• [Data for review]:
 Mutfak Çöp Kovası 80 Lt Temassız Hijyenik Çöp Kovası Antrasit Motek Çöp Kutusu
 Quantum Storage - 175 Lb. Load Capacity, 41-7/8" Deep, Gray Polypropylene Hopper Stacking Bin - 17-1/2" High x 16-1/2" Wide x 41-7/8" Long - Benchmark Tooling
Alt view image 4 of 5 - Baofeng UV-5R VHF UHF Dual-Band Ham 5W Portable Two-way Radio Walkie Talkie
--
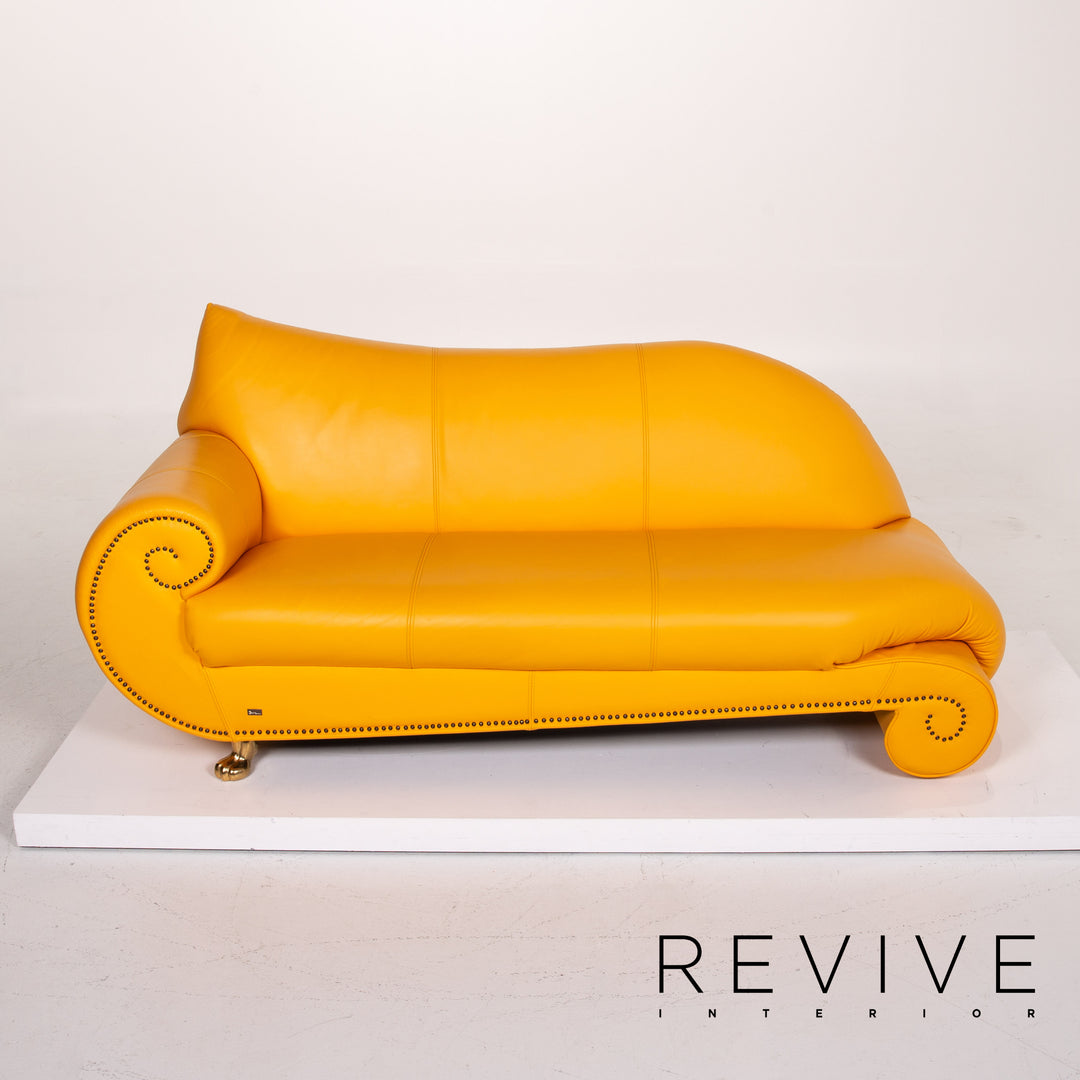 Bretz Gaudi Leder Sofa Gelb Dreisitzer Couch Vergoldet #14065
* * *
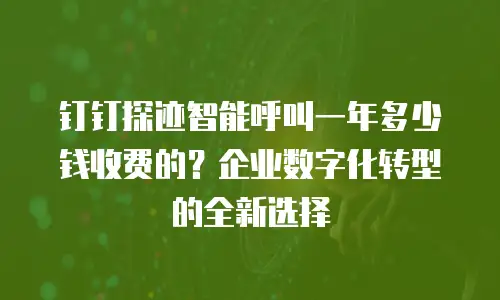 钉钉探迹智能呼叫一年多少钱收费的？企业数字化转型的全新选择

• [What is required]: After locating the line with "Quantum Storage - 175" above, return that line and every later line through the one with "Alt view image", word for word and with nothing else.

• [Answer to this task]:
 Quantum Storage - 175 Lb. Load Capacity, 41-7/8" Deep, Gray Polypropylene Hopper Stacking Bin - 17-1/2" High x 16-1/2" Wide x 41-7/8" Long - Benchmark Tooling
Alt view image 4 of 5 - Baofeng UV-5R VHF UHF Dual-Band Ham 5W Portable Two-way Radio Walkie Talkie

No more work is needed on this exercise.